Getting Ready For Betrayers of Kamigawa
by Jeff Zandi
1.21.05
Tomorrow, the world gets its hands on
Betrayers of Kamigawa in special pre-release
events all over North America. I will be
head judge of the North Texas event, which
is being held at the Convention Center in
downtown Fort Worth. Today, we have our
experiences from playing sealed deck and
booster drafts with Champions of Kamigawa.

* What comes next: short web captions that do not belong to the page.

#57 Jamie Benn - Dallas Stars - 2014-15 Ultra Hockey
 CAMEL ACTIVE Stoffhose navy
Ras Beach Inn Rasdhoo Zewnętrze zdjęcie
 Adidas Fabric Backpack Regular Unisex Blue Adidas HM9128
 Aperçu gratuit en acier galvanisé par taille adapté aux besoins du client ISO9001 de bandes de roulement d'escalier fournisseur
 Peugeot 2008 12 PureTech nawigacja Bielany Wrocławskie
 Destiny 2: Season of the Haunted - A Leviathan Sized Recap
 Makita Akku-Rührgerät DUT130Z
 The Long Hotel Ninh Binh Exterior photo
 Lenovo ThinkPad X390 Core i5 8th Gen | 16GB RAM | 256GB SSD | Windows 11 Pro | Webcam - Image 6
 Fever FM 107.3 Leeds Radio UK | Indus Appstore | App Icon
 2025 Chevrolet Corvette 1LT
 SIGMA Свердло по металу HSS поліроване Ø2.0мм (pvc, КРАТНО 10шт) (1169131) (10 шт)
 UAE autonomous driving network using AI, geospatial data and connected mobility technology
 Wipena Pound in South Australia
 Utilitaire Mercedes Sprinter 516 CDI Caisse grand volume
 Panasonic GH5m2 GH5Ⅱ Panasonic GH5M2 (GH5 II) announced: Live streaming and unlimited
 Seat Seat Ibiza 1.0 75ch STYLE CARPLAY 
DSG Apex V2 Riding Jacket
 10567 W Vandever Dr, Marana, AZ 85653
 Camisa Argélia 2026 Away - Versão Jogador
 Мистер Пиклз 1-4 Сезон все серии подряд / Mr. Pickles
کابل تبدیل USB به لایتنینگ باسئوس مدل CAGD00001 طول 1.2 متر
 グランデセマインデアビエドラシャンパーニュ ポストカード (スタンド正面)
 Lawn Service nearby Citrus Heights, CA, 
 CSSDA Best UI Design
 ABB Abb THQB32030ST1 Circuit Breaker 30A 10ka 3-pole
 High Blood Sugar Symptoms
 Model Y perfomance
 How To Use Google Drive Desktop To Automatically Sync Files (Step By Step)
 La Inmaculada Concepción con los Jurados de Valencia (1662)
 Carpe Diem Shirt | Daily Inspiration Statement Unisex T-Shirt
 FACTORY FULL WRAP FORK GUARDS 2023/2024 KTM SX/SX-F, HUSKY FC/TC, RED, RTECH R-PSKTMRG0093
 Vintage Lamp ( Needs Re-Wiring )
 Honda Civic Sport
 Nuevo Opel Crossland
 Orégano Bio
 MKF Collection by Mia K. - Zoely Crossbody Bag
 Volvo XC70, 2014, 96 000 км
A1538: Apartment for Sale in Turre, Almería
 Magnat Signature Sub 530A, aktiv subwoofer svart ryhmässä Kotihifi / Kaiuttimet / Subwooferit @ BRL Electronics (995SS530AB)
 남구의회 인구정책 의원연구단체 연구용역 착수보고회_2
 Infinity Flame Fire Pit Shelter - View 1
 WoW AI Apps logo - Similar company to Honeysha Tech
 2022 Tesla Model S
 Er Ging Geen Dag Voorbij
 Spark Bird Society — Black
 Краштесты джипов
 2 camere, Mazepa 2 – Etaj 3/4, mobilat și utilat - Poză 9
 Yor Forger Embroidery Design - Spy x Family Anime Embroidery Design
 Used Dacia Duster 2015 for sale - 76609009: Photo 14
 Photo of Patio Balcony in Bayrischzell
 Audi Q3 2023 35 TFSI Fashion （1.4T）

We get to find out what Betrayers of
Kamigawa feels like for real tomorrow.
PROBLEMS WITH CHAMPIONS
According to a lot of my teammates and
friends in Magic, Champions of Kamigawa got
a little old in a hurry. The powerful rares
in Champions are generally high in mana
cost, there is a real lack of creature
control cards outside of red and black, and
the ability to spread out into more than two
colors is almost completely limited to the
green player. The best trick in the set is
Splice Onto Arcane, but the number of spells
with this ability (that are really worth
playing) is limited to just a few.
Jonathan Pechon, an outstanding card analyst
and fellow Texas Guildmage, noted that
Champions of Kamigawa is more like Mercadian
Masques than any other big expansion of the
past five or six years. Masques block was
both praised and criticized for the design
strategy that brought about the Rebel (and
to a lesser degree the similar Mercenary)
creature search mechanic.
Deck designed around Rebels and the Rebel
search mechanic featured on the best Rebel
cards seemed to have been completely
pre-destined by Wizards of the Coast. While
this deck type was very solid, and thus a
favorite of many players at the time,
playing Rebels was a lot like playing a
preconstructed deck right off the shelf. In
Champions of Kamigawa, the mechanic
Soulshift and the various abilities, effects
and spells that focus on the Spirit creature
type are very reminiscent of Mercadian
Masques and Rebels/Mercenaries. However,
Champions does improve on Masques’ idea of
focusing on a creature type. In Masques,
Rebels came almost exclusively in white,
Mercenaries almost completely in black. If
you pursued a strong Rebel or Mercenary deck
in a Masques limited format, you were stuck
in either white or black. In an eight man
booster draft, it was not uncommon for half
the players to take a Rebel-searching card
as their first pick. In Champions of
Kamigawa, Soulshift (which returns Spirit
creatures from your graveyard to your hand),
Spirits and cards focusing on Spirits are
spread out across all five colors. Any and
every deck in Champions limited formats are
likely to contain SOME Spirits. In fact,
Spirits make up half of the common creatures
in the set. Spirits make Champions at least
a little better than Masques.
Will the problems associated with Champions
of Kamigawa be solved in Betrayers of
Kamigawa? Unlikely. Like any small expansion
set of the past six or seven years,
Betrayers performs a certain function, and
that function is to extend the spirit
(that’s an unfortunate pun) of the set it
follows.
>From what we have seen in the few Betrayers
cards seen so far, the new
>set
very much continues the deck construction
and play styles that we have been using for
the past several months with Champions of
Kamigawa.
There is certainly reason to hope, however,
that Betrayers can perk up Champions and
make Kamigawa a much more fun place to play
Magic. One hundred and fifty new cards can’t
help but make a big difference in the kind
of limited decks that we’ve been building
exclusively with Champions of Kamigawa so
far. Of course, there is good news and bad
news, even here. In booster drafts, the
third pack will now be Betrayers, supplying
each player with ONE LESS pack to extract a
Glacial Ray, Devouring Greed or Kodama’s
Might. Will Betrayers replace these easy
first picks with new selections just as
desirable in the common slots? Maybe, maybe
not, but at the very least, players will be
required to tune up their drafting skills.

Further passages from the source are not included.